Dr Belinda Reeve is a lecturer at Sydney Law School, and teaches Information Rights in Health Care and Fundamentals of Regulation for the Master of Health Law program. Prior to her appointment at the law school, she worked as a Law Fellow at the O’Neill Institute for National and Global Health Law, at Georgetown University. Her current research focuses on legal and regulatory options for creating a healthier food environment, including through product reformulation, restrictions on food advertising to children, and innovative obesity prevention measures at local government level.

Cameron Stewart

Professor Cameron Stewart is a director of Sydney Health Law at Sydney Law School, as well as an associate of Sydney Health Ethics. He has worked in the Supreme Court of New South Wales and has practiced commercial law at Phillips Fox Lawyers. His previous appointment was at Macquarie Law School, where he spent 10 years, the last of which as Dean. He was the Director of CHGLE for 4 years (2009-2012), was the Acting president of the Australian and New Zealand Institute of Health Law and Ethics in 2008-2010 and was the Vice-President of the Australasian Association of Bioethics and Health Law from 2010-2013.

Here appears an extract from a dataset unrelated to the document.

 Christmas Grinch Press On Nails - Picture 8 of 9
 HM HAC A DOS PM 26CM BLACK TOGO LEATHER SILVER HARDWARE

Cameron teaches Death Law, Health Care and Professional Liability, and Government Regulation, Health Policy and Ethics for the Master of Health Law program. Cameron is also the co-editor of the Ethics and Health Law news service and the Clinical Ethics Resource. He is Health Law Reporter editor for the Journal of Law and Medicine. He also runs a website on Discovering Australian Guardianship Law.

Christopher Rudge

Dr Chris Rudge is a lecturer in Sydney Law School at the University of Sydney. Currently, he teaches Foundations of Law, Torts and Mental Illness: Law and Policy. Chris’s research takes place at the intersection of law, psychiatry and biomedicine. Recent projects include analysis of the regulation of stem cell advertising, the therapeutic goods personal importation scheme, work contending that vaccine mandates are a legally and morally justified public health neccessity, work on health practitioner regulation and work on the bioethics and regulation of somatic cell genome editing.

In the past, Chris’ research has focused on the the history, politics and literature associated with psychiatric interventions and technologies, including unorthodox treatments (eg, the e-meter, telepsychiatry, deep sleep therapy, and rTMS).

Olugbenga
Olatunji

Dr Olugbenga Olatunji is a lecturer at Sydney Law School at the University of Sydney. He holds a Bachelor of Laws from the University of Ibadan, a Master of Laws from the University of Cambridge, and a Doctor of Philosophy (Law) from the University of Tasmania. His research explores the intersections between the conferral of intellectual property-related monopoly rights to private entities and access of poor populations (especially in the East African community) to quality and affordable medicines.

Dr Olugbenga’s research also extends to other IP-related subject-matters of both domestic and international concern. These fields of research include the analysis of free trade agreements, anti-counterfeiting laws, and the implications of developed-country-favoured preferential agreements on the freewill of low- and middle-income countries to use IP rights exceptions.

Dr Yixian Li is a lecturer at Yunnan University and a visiting scholar in Sydney Law School at the University of Sydney. She holds a Bachelor of Laws from the China University of Political Science and Law, a Master of Laws from the China University of Political Science and Law, and a Doctor of Philosophy (Law) from the Sant’Anna School of Advanced Studies (Italy).

Dr Li was a Visiting Scholar in Max Planck Institute for Comparative and International Private Law and Swiss Institute of Comparative law. Her research interests include health law and tort law, legal frameworks for regulating genetic technology, protection of personal data, regulation of genetic tests and clinical trials.